Bonjour,
Je ne sais pas si J-J Kupiec lit encore les commentaires de cet article, mais si tel est le cas j’aimerais lui poser une question.
JJK : Je viens de le faire …
Voilà, je suis en train de lire votre livre (je précise que je suis étudiant en philosophie, et donc incompétent en biologie : ma question sera ontologique) et il me semble que vous critiquez les théories de l’auto-organisation basées sur le concept de méta-stabilité, dans la mesure où elles ne feraient que ré-introduire une contrainte externe cachée.

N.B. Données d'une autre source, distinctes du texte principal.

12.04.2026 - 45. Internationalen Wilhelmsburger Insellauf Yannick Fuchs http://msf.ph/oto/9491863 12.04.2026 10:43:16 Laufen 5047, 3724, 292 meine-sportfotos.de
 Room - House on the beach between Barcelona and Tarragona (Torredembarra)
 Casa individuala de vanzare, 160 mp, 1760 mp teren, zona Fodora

JJK : plus précisément : les modèles de métastabilité proposés en biologie (Turing, Brusselator de Prigogine, etc.) repose sur molécules spécifiques ils sont donc invalides parce que les molécules biologiques ne le sont pas. C’est aujourd’hui un acquis de la recherche qui est incontestable. Mon propos est d’élaborer une théorie qui ne repose pas sur la spécificité. Les autres modèles improprement appelés d’auto-organisation, lorsqu’ils ne reposent pas sur des molécules spécifiques, font appel à des contraintes externes (les cellules de Bénard par exemple).

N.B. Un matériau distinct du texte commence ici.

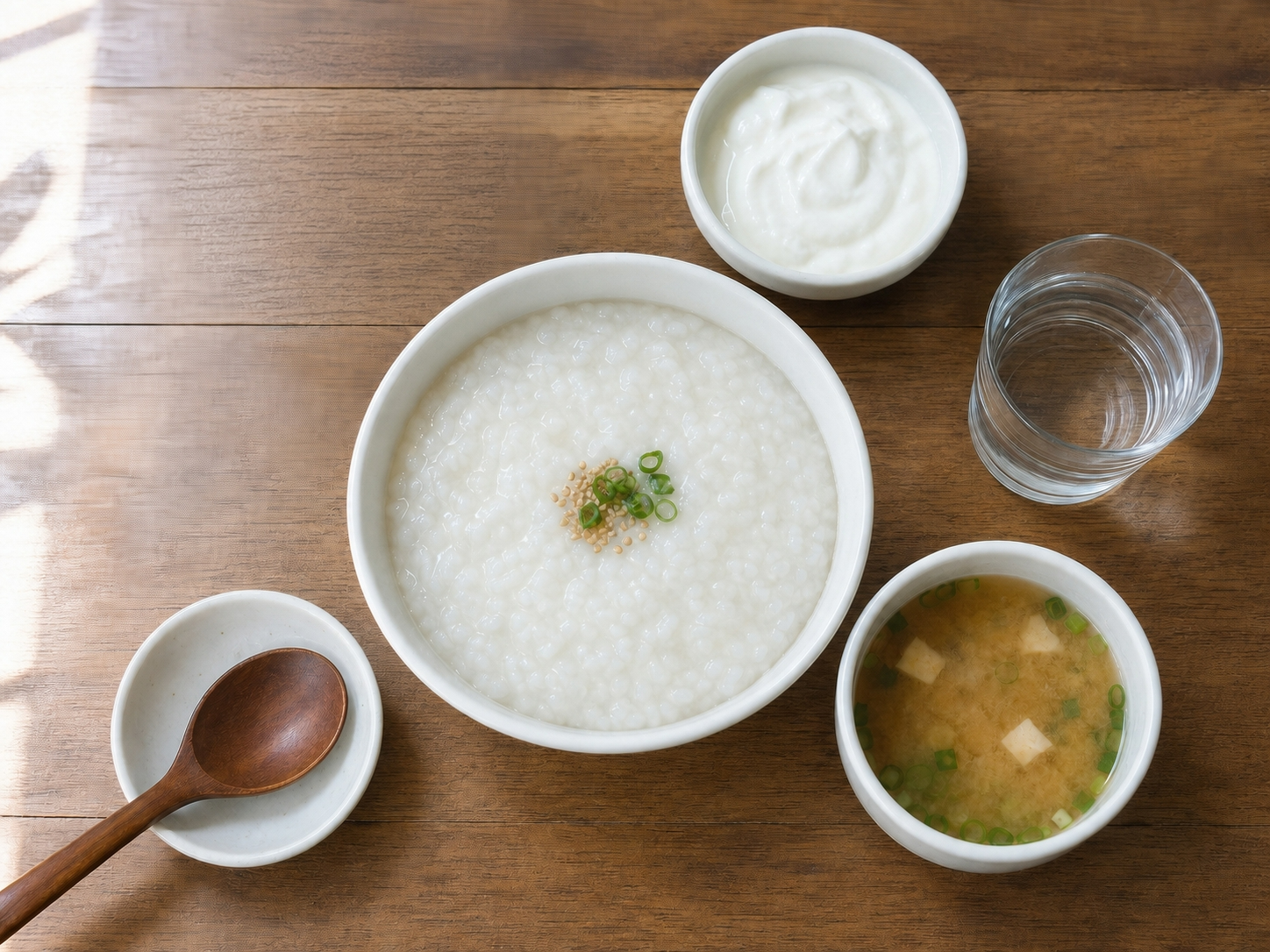 식중독 후 장 회복을 돕는 죽·된장국·요거트·물로 구성된 한국식 회복 식단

Je ne suis pas sûr que la métastabilité pour Simondon soit la même chose que les modèles précis de métastabilité dont je parle (de type Turing).

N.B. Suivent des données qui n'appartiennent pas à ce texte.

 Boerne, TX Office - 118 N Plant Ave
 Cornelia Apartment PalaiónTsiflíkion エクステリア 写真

Ma question était : avez vous connaissance des travaux désormais classiques de Gilbert Simondon sur l’individuation ? Si oui, les pensez vous pertinents ? Comment vous situez-vous face à ses conceptions ?
JJK : j’ai lu (tardivement) le livre de Simondon sur l’individuation et quelques livres sur lui comme d’ailleurs Pichot intégralement pour répondre à une observation précédente). J’ai deux problèmes avec Simondon. Je perçois son intérêt mais je n’arrive pas à le relier concrètement à ma recherche. Je pense qu’il y a deux raisons à cela. 1) Ma culture est avant tout une culture de biologiste et je n’arrive pas à relier la théorie de Simondon aux acquis concrets de la recherche expérimentale. 2- Il est déterministe alors que je suis « probabilisite ».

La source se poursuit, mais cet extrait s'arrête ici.